Solved – Interpreting weird box plot with reversed whiskers

boxplotdata visualizationmatplotlib

Although I'm fairly new to box plots, I thought I had got the hang of them, until I came upon this one today. I don't know what to make of that bottom "whisker" drawn inside the box.

enter image description here

This population is composed by only four values: 16.5, 17.14, 13.5, 16.75

Granted, the small size of this population is probably not ideal for this kind of diagram. But this is just one among several ones that I'm plotting, and the others make a bit more sense.

My question is two-fold:

  1. Is this even a valid representation or is the software that I'm using to draw it misbehaving? (I'm using python and matplotlib)
  2. If it is valid, how do I go about interpreting it?

Edit:

Including a figure created with a whis=3 parameter (see answers below):

enter image description here

Best Answer

It is impossible to know without knowing more about what your software thinks is the right way to draw a box and whisker plot. It is even more difficult without a numeric scale to anchor the results on. Regardless, there are a number of different guidelines in this regard (in general).
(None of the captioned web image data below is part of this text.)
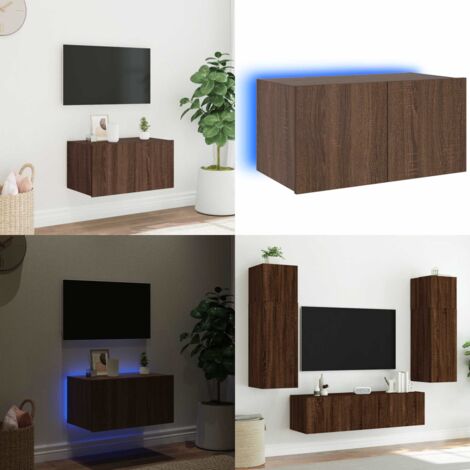 Mobile TV a Parete con Luci LED Rovere Marrone 60x35x31 cm - Mobile TV - Luci LED RGB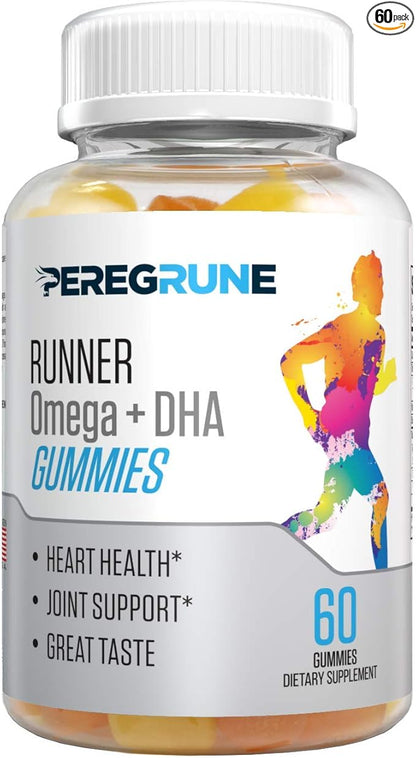 Runner Omega 3, 6, and 9 Gummies Plus DHA - Daily Running Supplements – 50% Less Sugar – Heart & Joint Health Gummy for Athletes – GMP Certified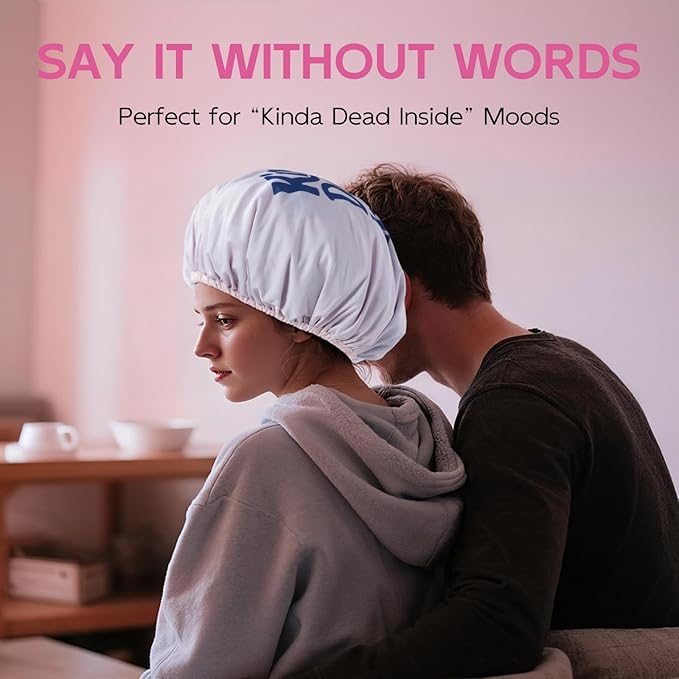 Years Calm Waterproof Shower Cap for Women - Double Sided Design for Long Thick Hair, Secure Fit & Flexible Elastic Band, Reusable Bath Cap for Shower, Spa, Travel (Mood Switch 5)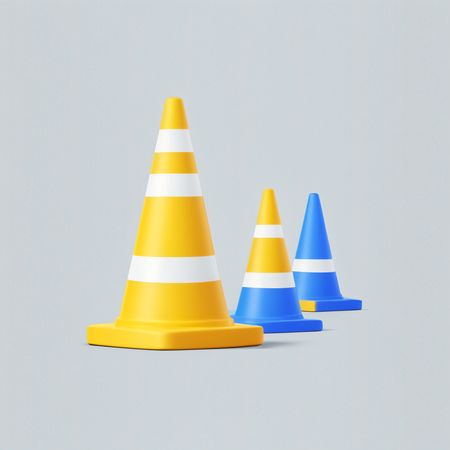 Cones de trânsito coloridos alinhados  AI Image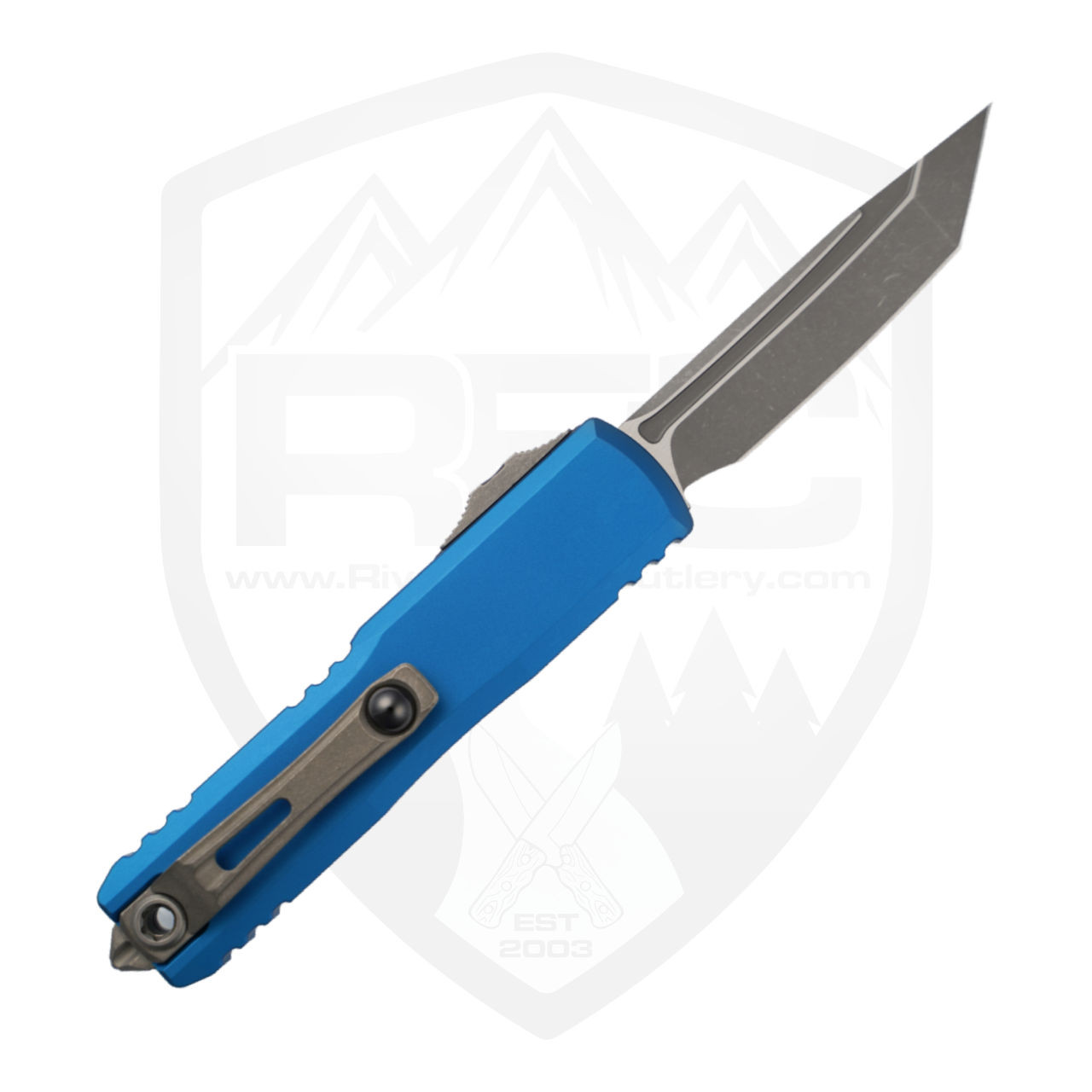 Microtech UTX-85 Gen IV Tanto Edge Blue Aluminum, Apocalyptic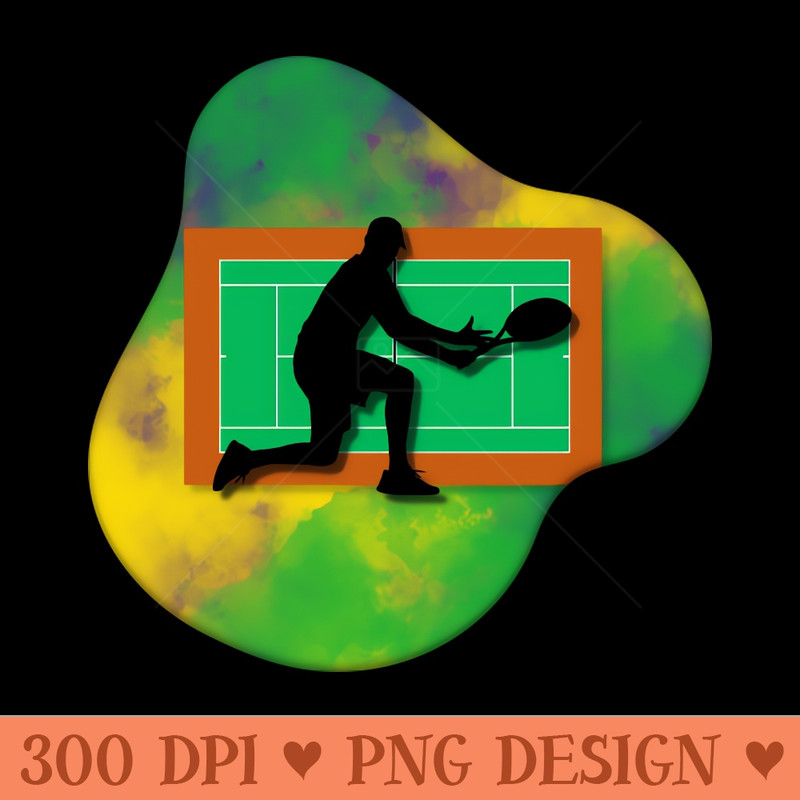 Tennis Player with Tennis Court Background and Wimbledon Colours - Premium PNG Downloads - Customer Support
However, we can always resort to reading the documentation

  • boxes: the main body of the boxplot showing the quartiles and the median’s confidence intervals if enabled.
  • medians: horizonal lines at the median of each box.
  • whiskers: the vertical lines extending to the most extreme, n-outlier data points.
  • caps: the horizontal lines at the ends of the whiskers.
  • fliers: points representing data that extend beyone (sic) the whiskers (outliers).

Given the values of 16.5, 17.14, 13.5, and 16.75, the value of 13.5 is being treated as a 'flier'. The boxes are stretching from Q1 to Q3. The horizontal line is the median (aka Q2). The exact calculation of these values has a number of different approaches, but I'll just grab the handy values from R (quantile defaults) of 15.75 for Q1, 16.625 for Q2, and 16.8475 for Q3. Although the documentation cited above is unclear, it appears that the whiskers and caps extend to the most extreme, n-outlier data points excluding the 'fliers' (more on this later). Therefore, we can expect them to extend from 16.50 to 17.14. That is, they will extend to a value closer to the median than Q1 (at the bottom) and slightly beyond Q3 (at the top)... which is exactly what we see.

However, given the circular definition of whiskers and fliers... you have to look further up in the docs to see that whiskers are "a function of the inner quartile range. They extend to the most extreme data point within ( whis*(75%-25%) ) data range" where 'whis' has a default of 1.5. Combining these sources of information, we can see that whiskers would plot points 1.5 times the interquartile range, but they stop at the most extreme data point inside that range. Data points beyond that range are dubbed fliers and plotted as such.

So, in response to the second question it is 'valid'...it isn't my preferred way of seeing boxplots drawn, but that doesn't make it invalid. As I mentioned there is no one convention in this regard. So long as you know what the boxplot is drawing, and it draws it in that way - then it is at least reliable. Valid will be a value judgement you have to make for yourself.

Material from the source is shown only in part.